One potential constructive is that arbitragers have been shopping for J&J and promoting brief Kenvue to benefit from the 7.5% unfold. This has depressed Kenvue by about 3% for the reason that deal was introduced in July whereas J&J is up about 2%. This might imply that Kenvue might recognize as soon as the deal is completed and that commerce is unwound.
did an alternate provide for
in 2015, GE inventory outperformed earlier than the deal and Synchrony outperformed GE instantly thereafter.
One other wrinkle is that J&J is capping the alternate ratio at about 8.05 Kenvue shares for every J&J share.
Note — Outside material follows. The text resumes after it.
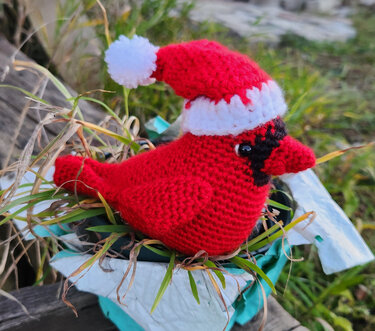 Red Cardinal Bird with Santa Hat - Crochet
J&J holders making the alternate will get lower than a 7.5% premium if the ratio is above 8.05. The ratio is getting nearer to that cap, standing at 7.8764 based mostly on the final three days of costs.
Particular person buyers who wait may very well be disenchanted. Whereas the provide expires on Friday Aug. 18, brokerage companies might want retail buyers to make their elections a day or two earlier.
And particular person brokerage companies have completely different processes for taking buyer directions with at the least one utilizing an automatic system and others requiring that buyers make their elections on the cellphone.
One monetary advisor warns buyers about name ready instances after spending time on the cellphone this week with two brokerage companies.
There may very well be a crush within the coming week because the deadline nears. The printed Kenvue S-4 doc hit investor mailboxes solely lately and it’s lengthy and sophisticated, working over 400 pages.
For longtime J&J buyers, the selection is to carry J&J, one of many world’s largest healthcare corporations with large pharmaceutical and medical-device companies, or swap for Kenvue, a number one client well being firm.
J&J trades for about 16 instances 2023 earnings whereas Kenvue trades for about 18 instances. J&J yields 2.8% in opposition to 3.4% for Kenvue. The case for Kenvue is that it has a steady enterprise with well-known manufacturers and is able to mid-single earnings development—and presumably higher—within the coming years.
J&J is absorbing legal responsibility within the U.S. and Canada for Kenvue’s talc liabilities stemming from gross sales of Johnson’s Child Powder, whereas Kenvue retains worldwide authorized danger for the product.
The abroad danger isn’t seen as important, Moody’s Buyers Service mentioned earlier this yr, but it surely isn’t simple to handicap.
Many J&J holders need to make the swap for long-term publicity to Kenvue, whereas others might need to make a fast revenue on the deal.